Gao Xin-Yuan, Wu Xin-Ye, Wang Wei-Jia, Xu Jin-Zhe, Liu Wei-Zhi, Xu Shuai-Hao, Peng Zhi-Yun, Zhou Dong-Ying, Liao Liang-Sheng
Institute of Functional Nano and Soft Materials (FUNSOM), Jiangsu Key Laboratory for Carbon-Based Functional Materials and Devices, Soochow University, Suzhou, Jiangsu 215123, China.
College of Nano Science and Technology (CNST), Soochow University, Suzhou, Jiangsu 215123, China.
ACS Appl Mater Interfaces. 2025 Jun 25;17(25):37292-37299. doi: 10.1021/acsami.5c06881. Epub 2025 Jun 13.

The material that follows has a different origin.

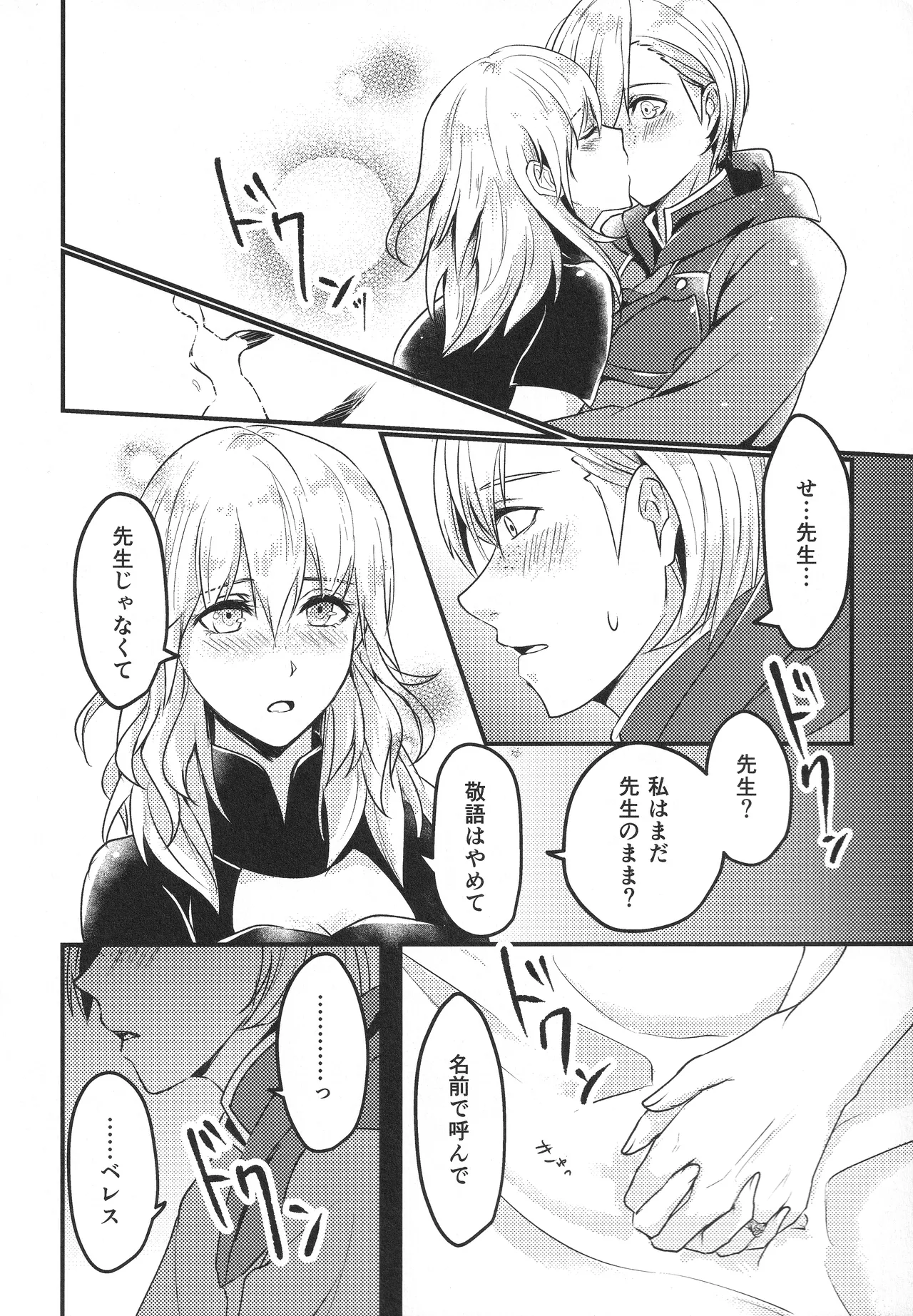 Boku no Tsuma wa Daishikyou-sama - Page 11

Metal halide perovskites exhibit great promise for applications in solid-state lighting and flat-panel display technologies. Despite significant progress, the current strategies for achieving high-performance perovskite light-emitting diodes (PeLEDs) are largely confined to additive engineering and upper interface modifications, with little attention paid to the buried interface, which plays a crucial role in perovskite crystal growth and charge transport. Here, we demonstrate a novel buried interface modification strategy by substituting polyethylenimine ethoxylated (PEIE) with phosphorylethanolamine (PEA). PEA functions as a bridging molecule between ZnO and perovskite, with its phosphate group anchoring on ZnO and its amino group serving as the nucleation site for perovskite as well as passivating perovskite defects. Furthermore, PEA also passivates the surface defects of ZnO and modulates its energy levels, thereby enhancing electron injection. The resultant PeLEDs exhibit a peak EQE of up to 22.3% with reduced efficiency roll-off and prolonged half-lifetime, which is superior to that of conventional PeLEDs at a peak wavelength of 798 nm.
金属卤化物钙钛矿在固态照明和平板显示技术应用中展现出巨大潜力。尽管取得了显著进展,但目前实现高性能钙钛矿发光二极管(PeLEDs)的策略主要局限于添加剂工程和上界面修饰,而对在钙钛矿晶体生长和电荷传输中起关键作用的掩埋界面关注甚少。在此,我们展示了一种通过用磷酸乙醇胺(PEA)替代聚乙烯亚胺乙氧基化物(PEIE)的新型掩埋界面修饰策略。PEA作为ZnO和钙钛矿之间的桥接分子,其磷酸基团锚定在ZnO上,氨基作为钙钛矿的成核位点并钝化钙钛矿缺陷。此外,PEA还钝化ZnO的表面缺陷并调节其能级,从而增强电子注入。所得的PeLEDs在峰值波长798nm处表现出高达22.3%的峰值外量子效率(EQE),效率滚降降低且半衰期延长,优于传统PeLEDs。